As I said, I would take that study with a couple teaspoons of salt. Besides my own experience and testimonials from others, I have read material before stating that exercise actually reduces your hunger, at least temporarily.
BTW, the article further states: “a pound of muscle burns approximately six calories a day in a resting body, compared with the two calories that a pound of fat burns. Which means that after you work out hard enough to convert, say, 10 lb. of fat to muscle - a major achievement - you would be able to eat only an extra 40 calories per day…before beginning to gain weight.”
Well, in the first place a body does not convert fat into muscle. You develop more muscle by exercising and lose fat by expending more calories than you take in. The author of that article appears under the misconception that you can turn fat into muscle.
I don’t have a cite to hand (because I recycle my old copies and my google-fu is weak) but I remember an article in The Economist that noted that modern foods are far more refined than in the past, so bite for bite it’s easier for the body to take nutrients out of it. Does that sound like an accurate recollection?

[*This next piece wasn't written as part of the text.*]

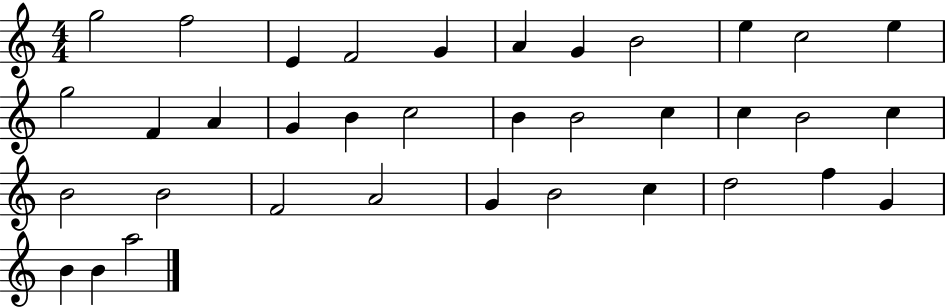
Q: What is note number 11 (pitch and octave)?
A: E5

People do less hard work than they used to. They eat more than they used to. They can afford to eat more junk than they used to. A lot of food has far more sugar in it that it used to. But here’s something to worry about.
A lot of kids are being treated for ‘conditions’ that used to be thought of as just being kids (as well as hyper-active from over-sweetened drinks). Drugging kids into obedience is much more common in the USA than most countries because of the commercial nature of medicine, but it is the USA that publishes the psychiatrists’ diagnostic ‘bible’. Strange to say side-effects of some of the psychiatric treatments intended for adults for conditions defined in adults when used on children are rapid weight gain and diabetes.
Except that, as is well-known, that’s a myth.
Yes, another manifestation of the evil glyco-medical complex.
The human body is extremely efficient, to such a degree that even if you’re quite active you can still make yourself fat if you’re consuming something on the order of 3000 calories per day.
Fitness buffs love to tout “exercise” but I think the short answer answer is “too many calories.”
The longer answer has been the stuff of many studies, nearly all of which are “controversial” to the side disagreeing with them.
If, by “exercise” you mean the notion of walking everywhere, taking the stairs instead of the escalator, and so on, then I think “exercise” is very important. I’d call that sort of exercise not being sedentary. If by “exercise” you are talking about the hearty eater who gets his fat ass on the treadmill 3 times a week (the Pedant is looking in the mirror here) but dines on sweet fat, I’m underwhelmed that exercise is worth a damn for weight control.
If you do pull up studies–and there a bazillion–pay attention only to ones which look at folks five years or so down the road. In my opinion, short-term results from any intervention tend to be astoundingly good and utterly worthless.
We–me at least–eat too much. Way too much (well; not me, but you get the drift).